● Data segment:
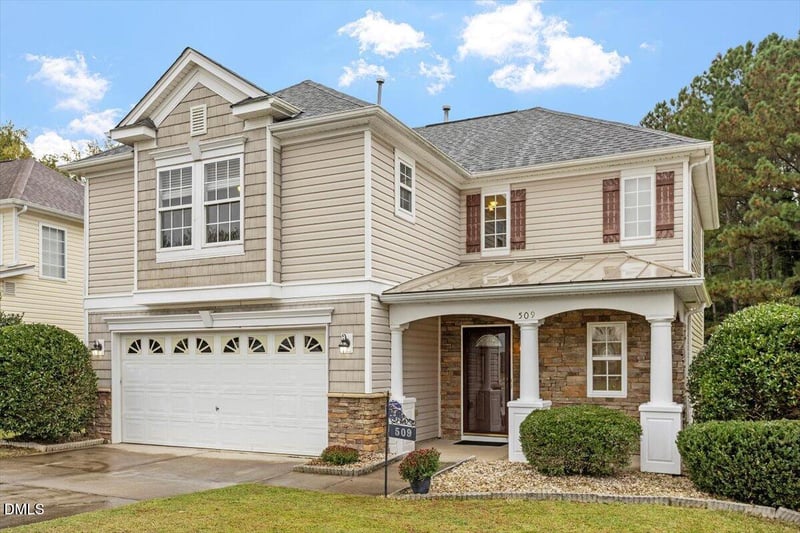 509 Pebblestone Dr, Durham, NC 27703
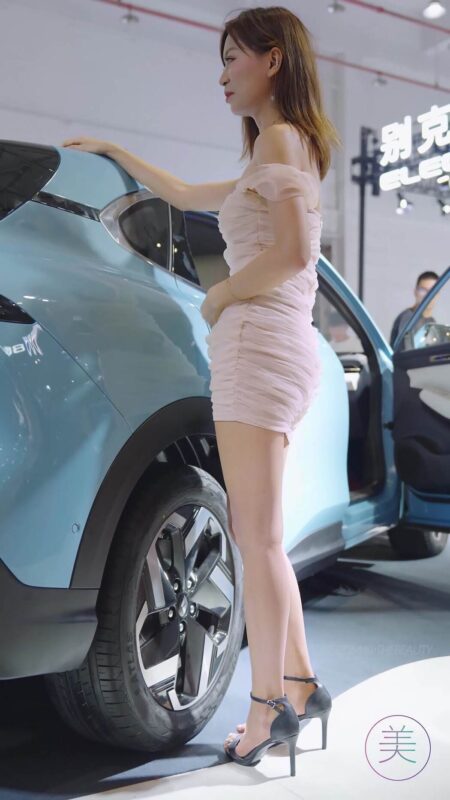 NO.1414 2024 东莞秋季车展 Racing Model 车模网红随拍 05[1V/341MB]-无料摄影圈
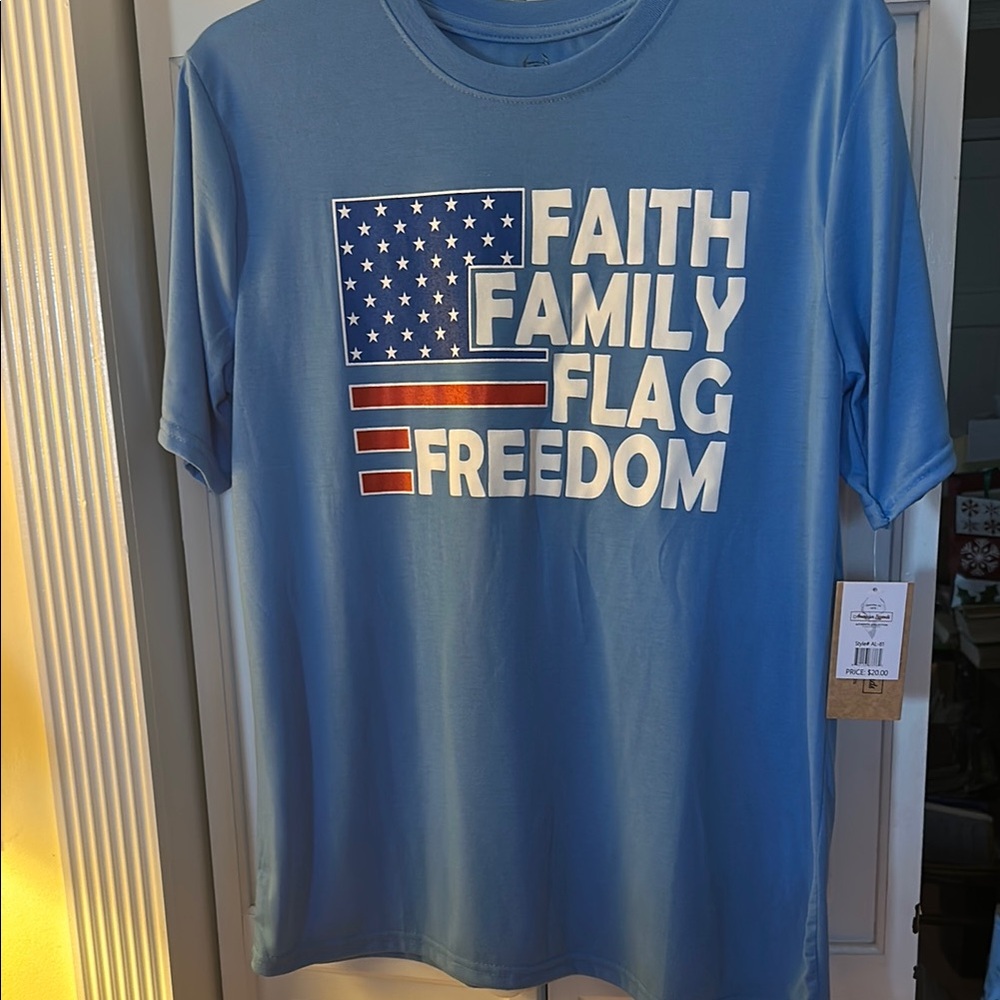 Men’s American Legends 🇺🇸FAITH FAMILY FLAG FREEDOM 🇺🇸Tee Shirt in Size L/XL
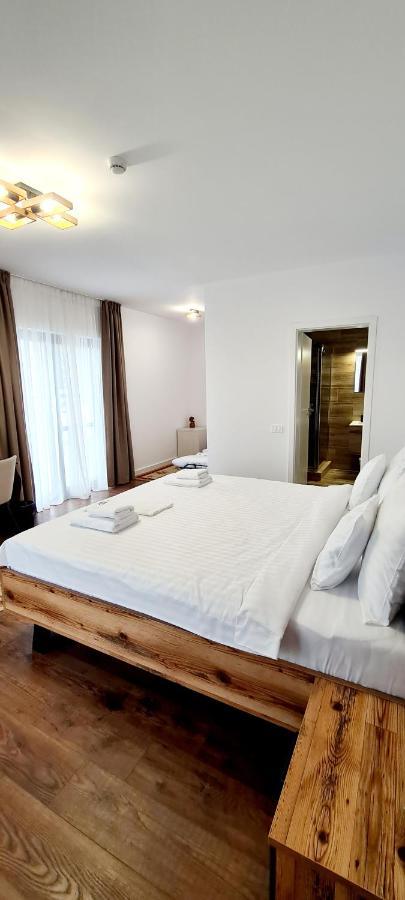 Hotel B4 Oradea Eksteriør billede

● Task to complete: The material above should be repeated word for word, with every picture omitted.

● Solution to the problem:
 509 Pebblestone Dr, Durham, NC 27703
 NO.1414 2024 东莞秋季车展 Racing Model 车模网红随拍 05[1V/341MB]-无料摄影圈
 Men’s American Legends 🇺🇸FAITH FAMILY FLAG FREEDOM 🇺🇸Tee Shirt in Size L/XL
 Hotel B4 Oradea Eksteriør billede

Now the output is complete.